## Dataset records

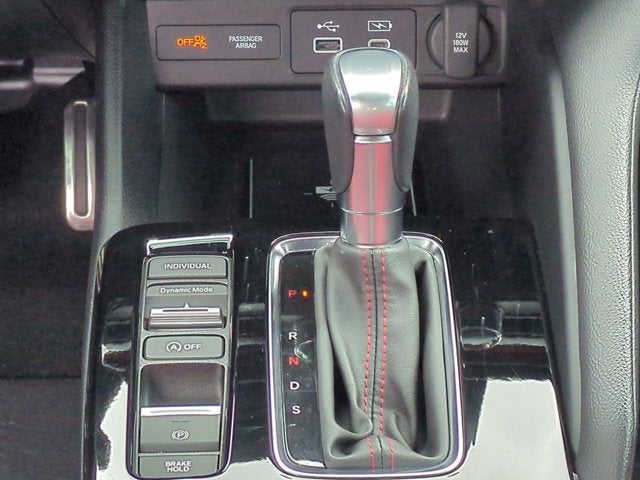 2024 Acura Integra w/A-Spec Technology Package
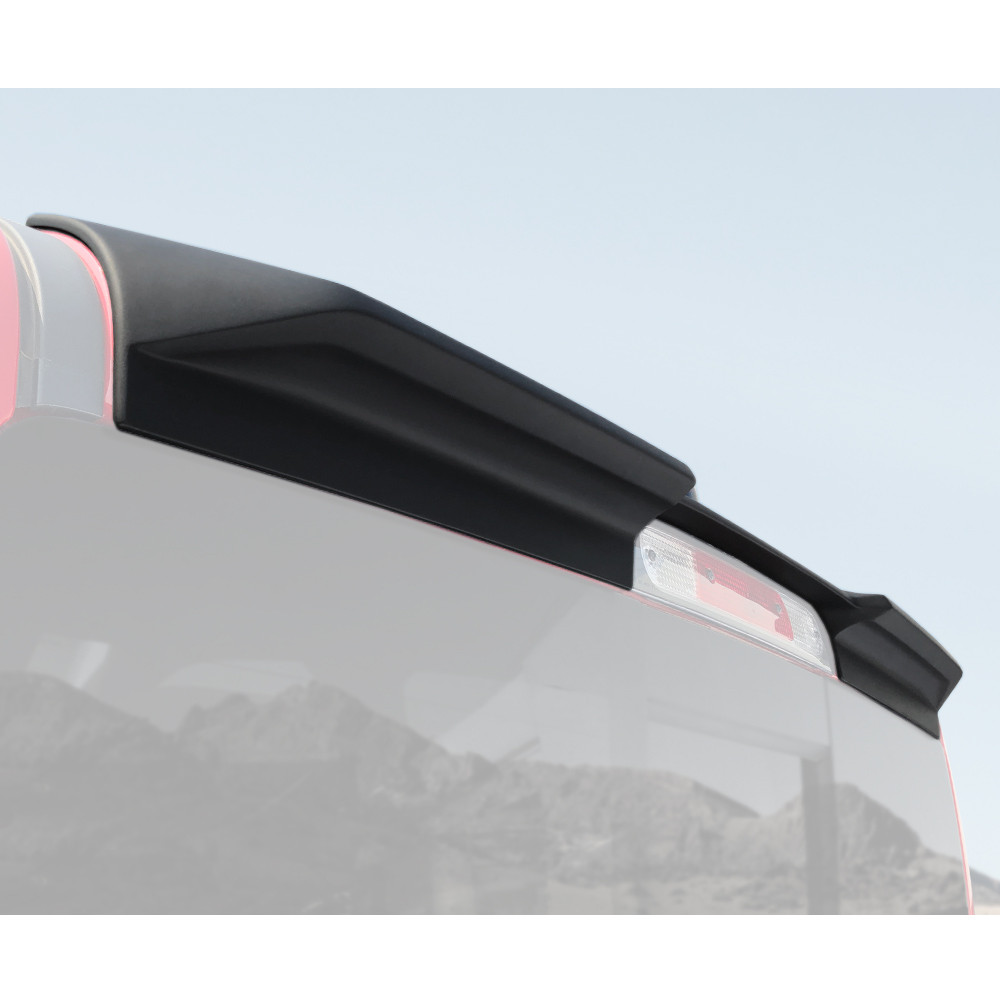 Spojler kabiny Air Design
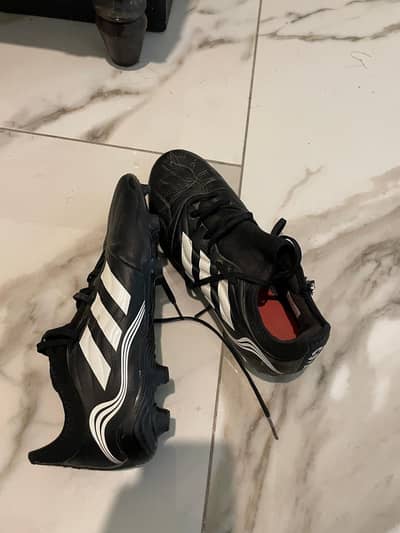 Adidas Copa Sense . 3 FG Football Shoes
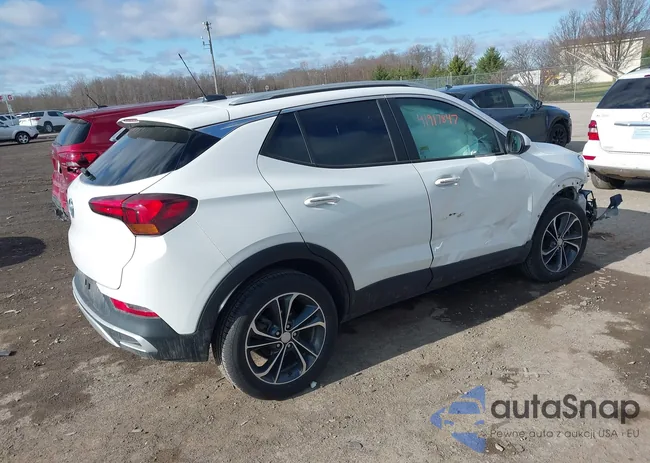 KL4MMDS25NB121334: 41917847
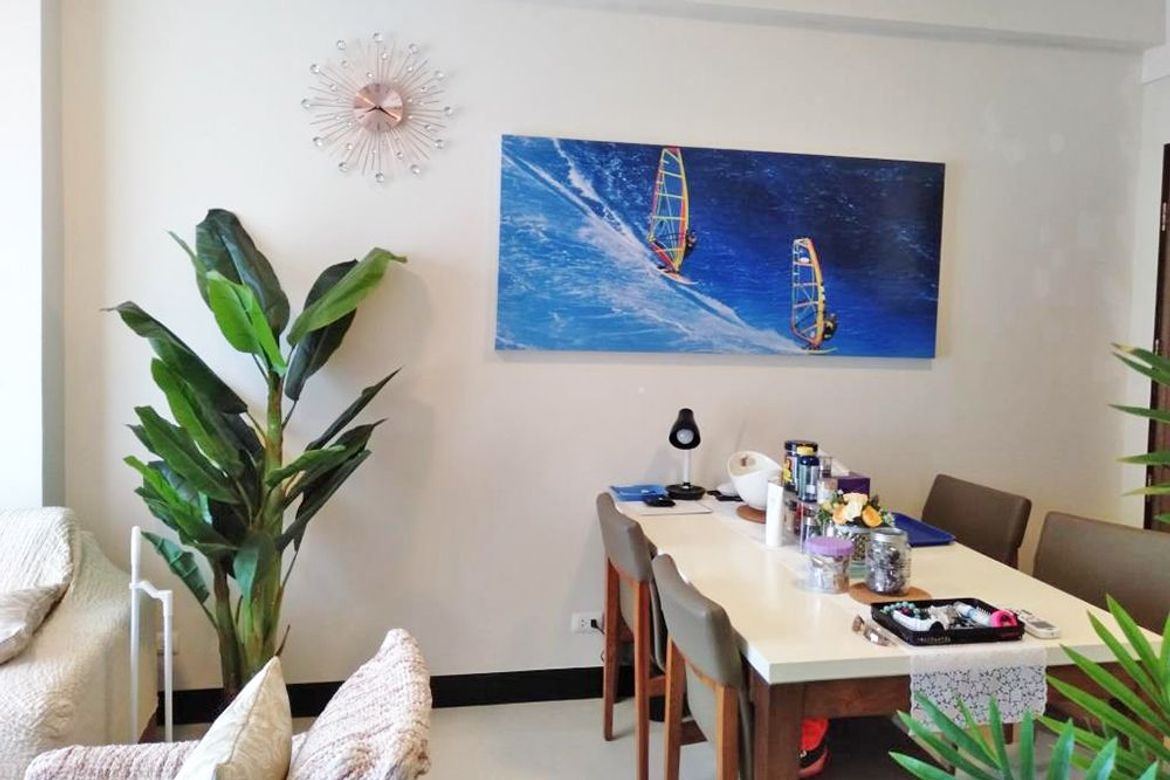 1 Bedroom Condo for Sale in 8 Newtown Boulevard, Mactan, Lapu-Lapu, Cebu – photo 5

## To do
Repeat only the lines from the one with "KL4MMDS25NB121334: 41917847" through the end of the data, both included and exactly as written. Pictures stay out of the copy.

## Exercise response
 KL4MMDS25NB121334: 41917847
 1 Bedroom Condo for Sale in 8 Newtown Boulevard, Mactan, Lapu-Lapu, Cebu – photo 5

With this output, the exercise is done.